The jury convicted defendant of violating section 11352, subdivision (a). The court sentenced defendant to five years in prison.
The information alleged that defendant violated section 11352, subdivision (a) by selling “a controlled substance, to wit, cocaine.” The trial court instructed the jury that in order to convict defendant of the charged offense it must find, among other elements, that defendant sold a controlled substance and “[t]he controlled substance was cocaine.” The jury's signed verdict form stated that defendant was guilty “of selling a controlled substance, to wit cocaine, in violation of” section 11352, subdivision (a).
Defendant contends that the prosecution established that he sold cocaine base, cocaine base does not constitute cocaine, and the evidence was thus insufficient to support his conviction of selling cocaine.
To resolve this issue, we review the whole record in the light most favorable to the judgment to decide whether substantial evidence supports the conviction, so that a reasonable jury could find guilt beyond a reasonable doubt. (People v.

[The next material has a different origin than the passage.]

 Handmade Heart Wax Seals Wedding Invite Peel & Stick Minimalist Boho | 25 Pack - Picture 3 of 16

Ceja (1993) 4 Cal.4th 1134, 1138.)
Section 11352, subdivision (a) provides, in pertinent part, “Except as otherwise provided in this division, every person who ․ sells ․ (1) any controlled substance specified in subdivision (b), (c), or (e), or paragraph (1) of subdivision (f) of Section 11054, specified in paragraph (14), (15), or (20) of subdivision (d) of Section 11054, or specified in subdivision (b) or (c) of Section 11055, or specified in subdivision (h) of Section 11056, or (2) any controlled substance classified in Schedule III, IV, or V which is a narcotic drug, ․ shall be punished by imprisonment in the state prison for three, four, or five years.” The statute thus prohibits the sale of numerous controlled substances, including cocaine base (§ 11054, subd. (f)(1)) and cocaine other than cocaine base (§ 11055, subd. (b)(6)).

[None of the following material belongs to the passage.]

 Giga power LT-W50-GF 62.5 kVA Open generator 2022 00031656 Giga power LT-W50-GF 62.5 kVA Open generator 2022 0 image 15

Defendant does not contest the sufficiency of the evidence establishing that he sold the baggie the police recovered. The criminalist testified that the substance in the baggie “contained cocaine in the form of cocaine base.” Defendant's argument is based upon an unsupported and unwarranted conclusion that “cocaine” necessarily means cocaine hydrochloride, rather than the more general category of various forms of cocaine including cocaine base and cocaine hydrochloride. “There are two types of cocaine base and cocaine hydrochloride is an intermediary between the two forms of cocaine base․ Cocaine hydrochloride is a hydrochloride salt of cocaine and a water soluble form of cocaine which is normally ingested nasally․ Cocaine base or crack is simply cocaine hydrochloride after the hydrochloride is removed from the cocaine during the heating process․ [¶] Despite the difference between cocaine base, crack, or rock on one hand and cocaine hydrochloride on the other hand, both substances are still cocaine. Both base and hydrochloride are different ‘isomers' of cocaine․ Cocaine has as many as eight different isomers or molecular structures․ [C]ocaine base is not cocaine hydrochloride although both substances are cocaine.” (People v. Howell (1990) 226 Cal.App.3d 254, 260-261, citations omitted.) The Legislature's choice of phrasing in section 11055, subdivision (b)(6) (“Cocaine, except as specified in Section 11054”) reflects a recognition that cocaine base is a form of cocaine. Thus, substantial evidence established that defendant sold cocaine. The cocaine happened to be in the form of cocaine base, but it was nonetheless cocaine.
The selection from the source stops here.